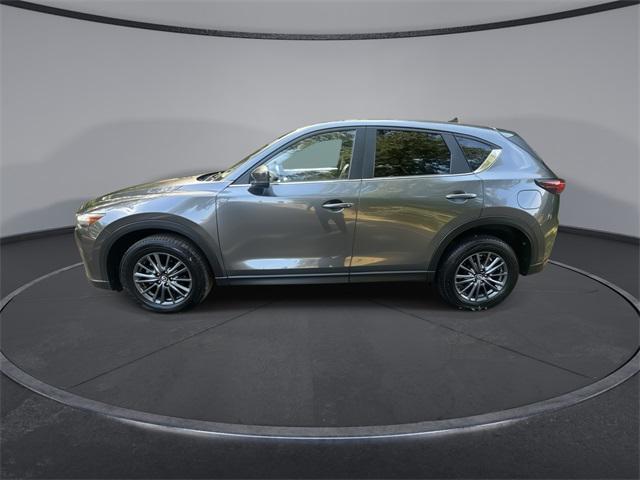 used 2021 Mazda CX-5 car, priced at $22,899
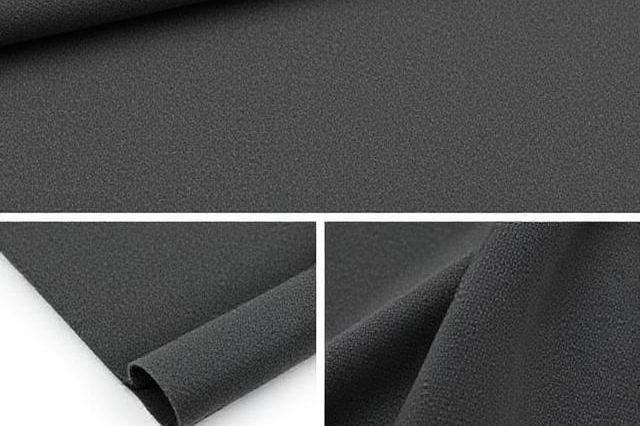 PET Non-Woven Curtain Fabric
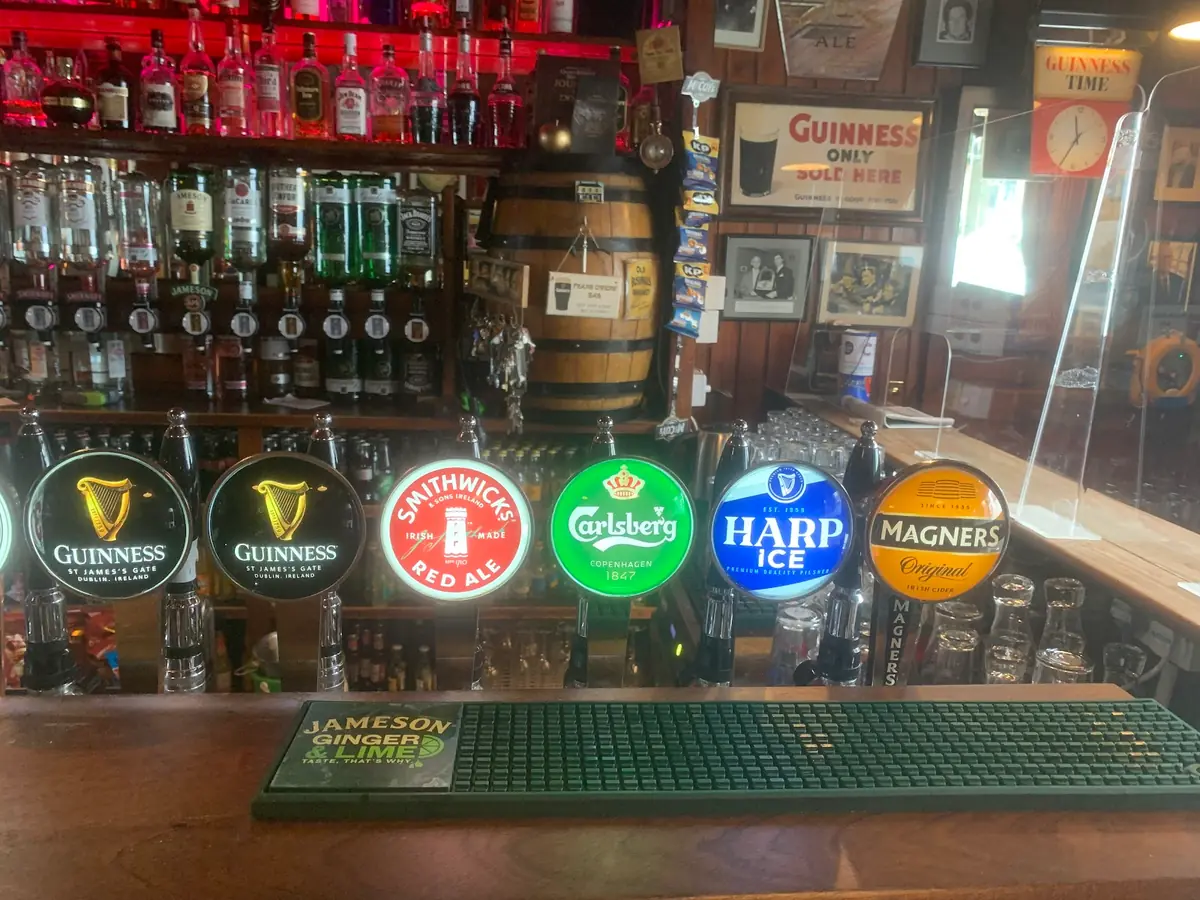 Frank Owens’ Bar — Bars in Londonderry
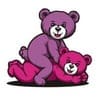 Boner Bears Logo
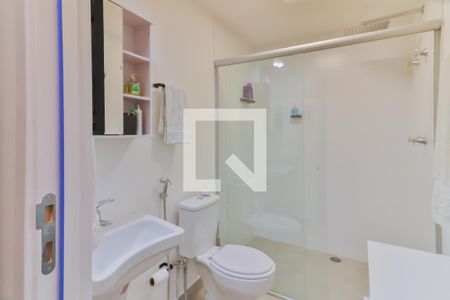 Apartamento para alugar com 40m², 2 quartos e sem vaga Apartamento para alugar com 40m², 2 quartos e sem vagaBanheiro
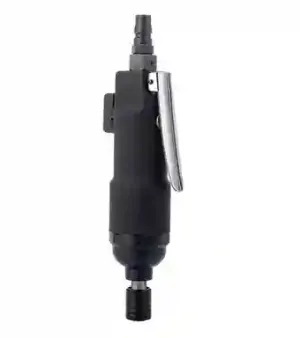 Silver Pneumatic Screw Driver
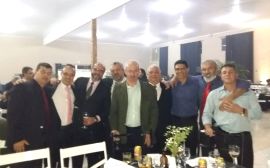 Baile do Maçom - 18/08/18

■ ■ ■

**PROBLEM TO SOLVE:** The entries above should be given again exactly, minus any pictures.

**WRITTEN ANSWER:**
 used 2021 Mazda CX-5 car, priced at $22,899
 PET Non-Woven Curtain Fabric
 Frank Owens’ Bar — Bars in Londonderry
 Boner Bears Logo
 Apartamento para alugar com 40m², 2 quartos e sem vaga Apartamento para alugar com 40m², 2 quartos e sem vagaBanheiro
 Silver Pneumatic Screw Driver
 Baile do Maçom - 18/08/18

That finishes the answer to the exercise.